_Supplied material_
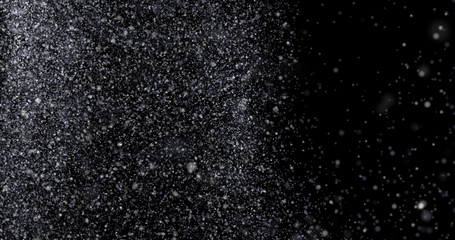 Obraz premium Natural white winter snowfall on a black background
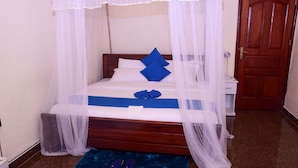 A neatly made bed with a canopy, a bedside table, and a pair of slippers on a blue mat. - Zebra Tourism  Hotel (Kigali)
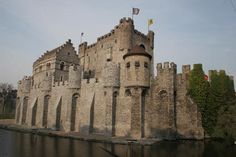 an old castle sitting next to a body of water with flags on it's sides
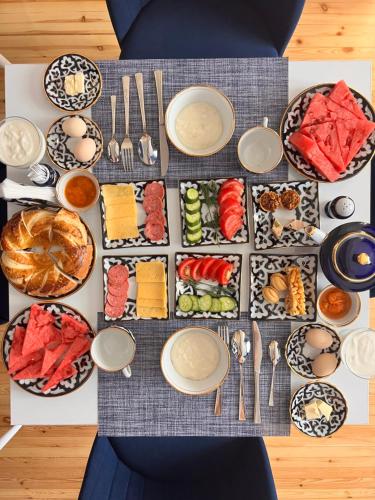 a table full of food with plates and utensils at Anor in Tashkent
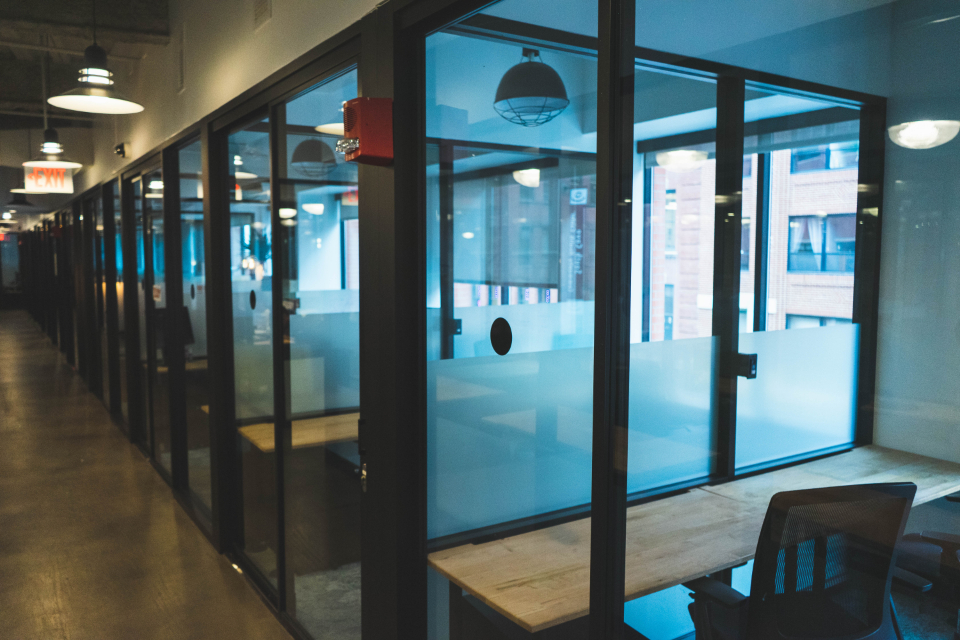 Cam bölmeli ofis koridoru ve çalışma masaları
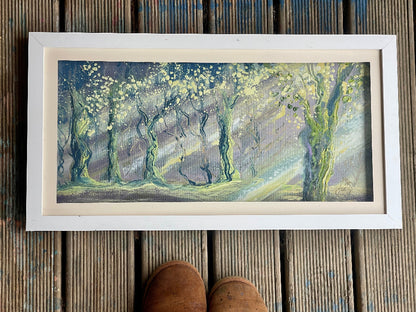 Framed artwork of a forest scene on a wooden surface
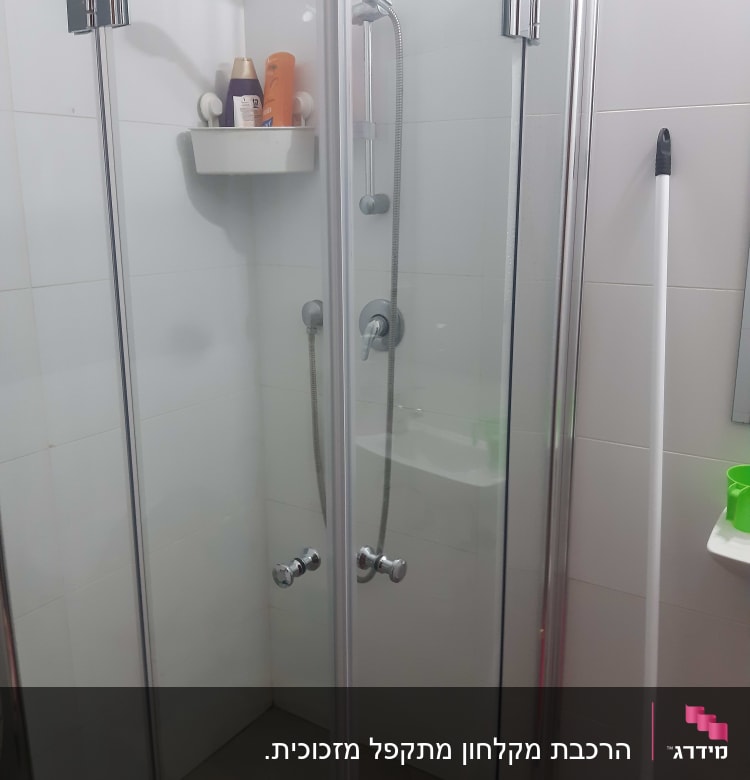 מקלחון זכוכית עם בקבוקי שמפו ומקלחת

_Assignment_
Without including any picture, reproduce the material above word for word.

_Written response_
 Obraz premium Natural white winter snowfall on a black background
 A neatly made bed with a canopy, a bedside table, and a pair of slippers on a blue mat. - Zebra Tourism  Hotel (Kigali)
 an old castle sitting next to a body of water with flags on it's sides
 a table full of food with plates and utensils at Anor in Tashkent
 Cam bölmeli ofis koridoru ve çalışma masaları
 Framed artwork of a forest scene on a wooden surface
 מקלחון זכוכית עם בקבוקי שמפו ומקלחת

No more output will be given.